Anthony Lambert from Historic House
This is a remarkable book.
In its multi-authored, rounded approach to the subject of the Cornish estate and house, it goes far beyond the usual country—house monograph. lts generously illustrated chapters delve into its every aspect, starting with early settlements and the farming that began almost 3,000 years ago followed by the formation of villages.
Chapters examine the history of the name, deer-parks, landscaped parks, the coastline and its long tradition of smuggling, and the early 13th-century parish church of St Michael before turning to the building of Caerhays Castle.
The cellars of a large early 15th—century house became the foundations for a house designed by John Nash in 1808 on a substantially raised platform to increase its impressiveness. The parents of the poet Lord Byron were married in the chapel of the earlier house.
Most of Nash's houses have been demolished, so the modestly altered form of the castle, with its mass of different shapes perfectly suited to its setting, makes it an important survival.
It has had a curious life. We know work was still in progress in 1824, yet its contents and even stained glass were sold at auction in 1842 and 1852.
John Trevanion Purnell Bettesworth appears to have overreached his means by commissioning Nash to build Caerhays, but other factors are thought to have played a part in his sudden downfall. He escaped his creditors by fleeing abroad and died a bankrupt in Belgium in 1840. By 1852, lead from the roof was gone and water ran through the rooms. The house was rescued the following year by Michael Williams, and mid—Victorian improvements brought the house to more or less its present form by 1881.
A chapter describes the rooms on a public tour of the house and the collection of largely 19th—century paintings, and another is devoted to John Nash.
The third section covers the history of the families which have owned Caerhays, beginning with the arrival of the Trevanions in the early 15th century and the inheritance of the house by the Bettesworth—Trevanions. But the main focus is naturally on the Williams family, which still owns Caerhays, and the role it has played in Cornish history particularly in the extraction of the county’s minerals and development of associated industries outside the county.
It was John Charles Williams who did much to make Caerhays so well—known for its collection of magnolias and camellias in the 120—acre gardens. He sponsored plant-hunters in their expeditions to south-west China, and was noted for his work in hybridisation.

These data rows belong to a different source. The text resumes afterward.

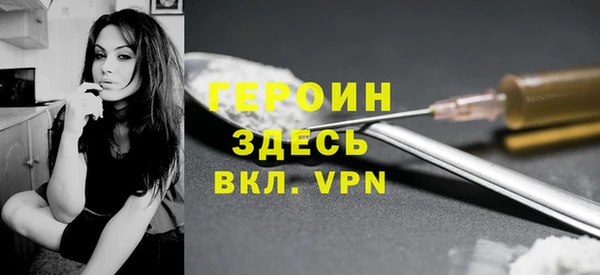 СК Зеленокумск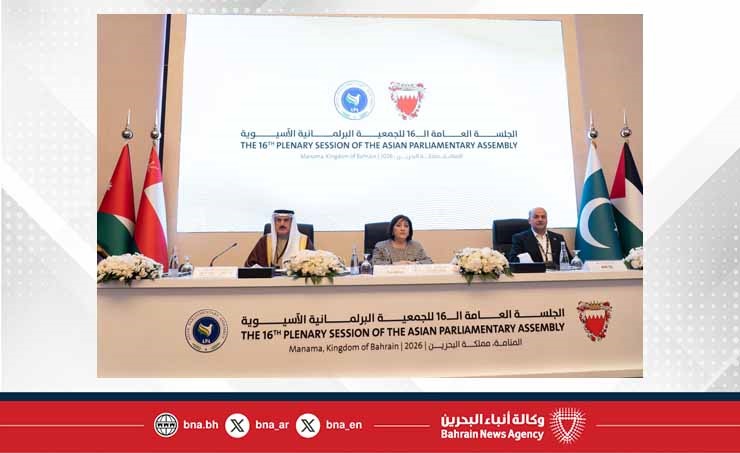 خلال افتتاح أعمال اجتماع الجمعية البرلمانية الآسيوية.. رئيس مجلس النواب: مملكة البحرين داعم رئيسي للعمل الآسيوي المشترك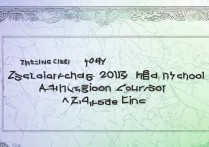 2017年湛江市中考分数线公布，哪些学校录取线令人意外？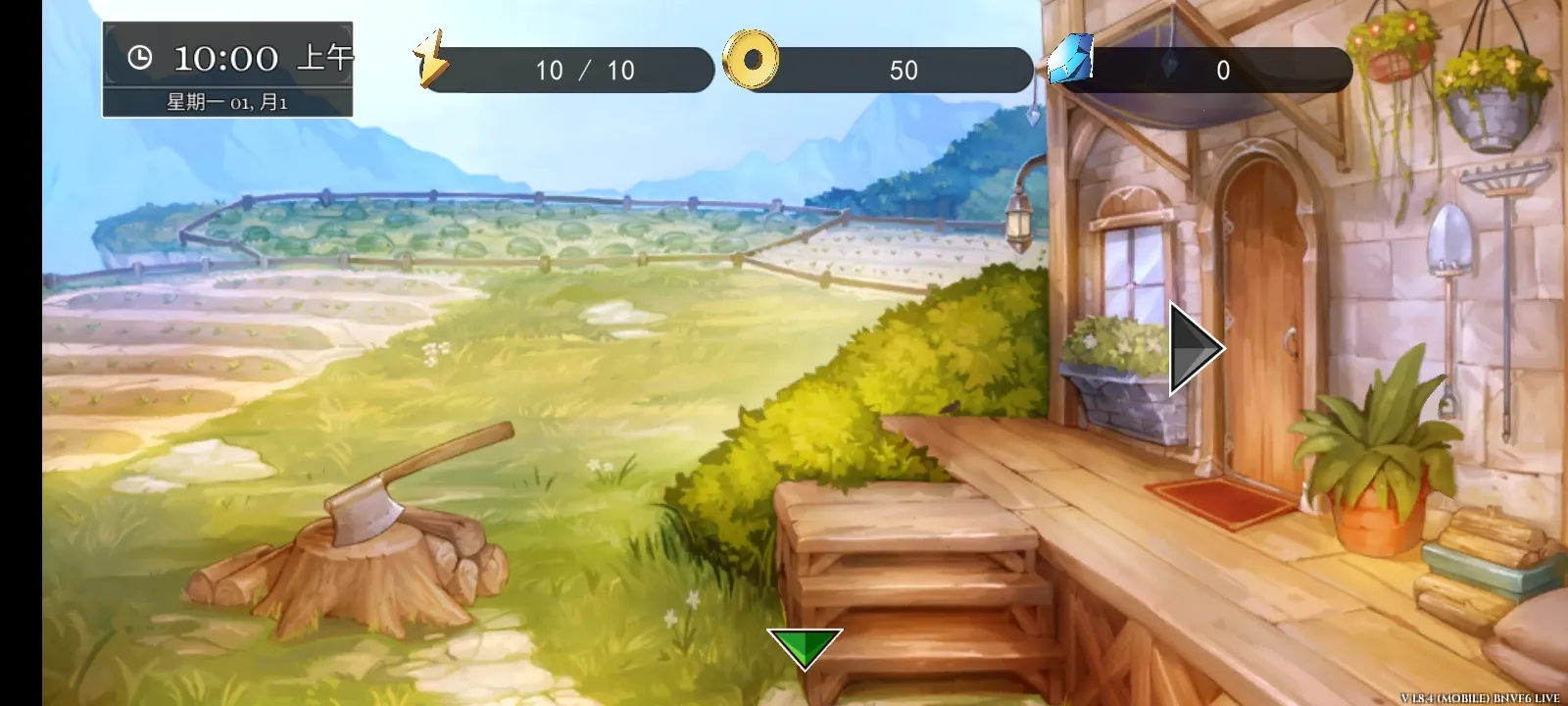 С󰮼(ðϷ)v1.7.5 ٷ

The gardens are the subject of the book's final section and appendices. It might have been better to transpose sections two and three, as the earlier architectural history mentions characters and events still unfamiliar to the reader. A polish from an editor would have been beneficial, and some of the pictures might have been larger. But these are minor quibbles, and, as the preface suggests, others might do well to emulate the depth and breadth of the book’s coverage.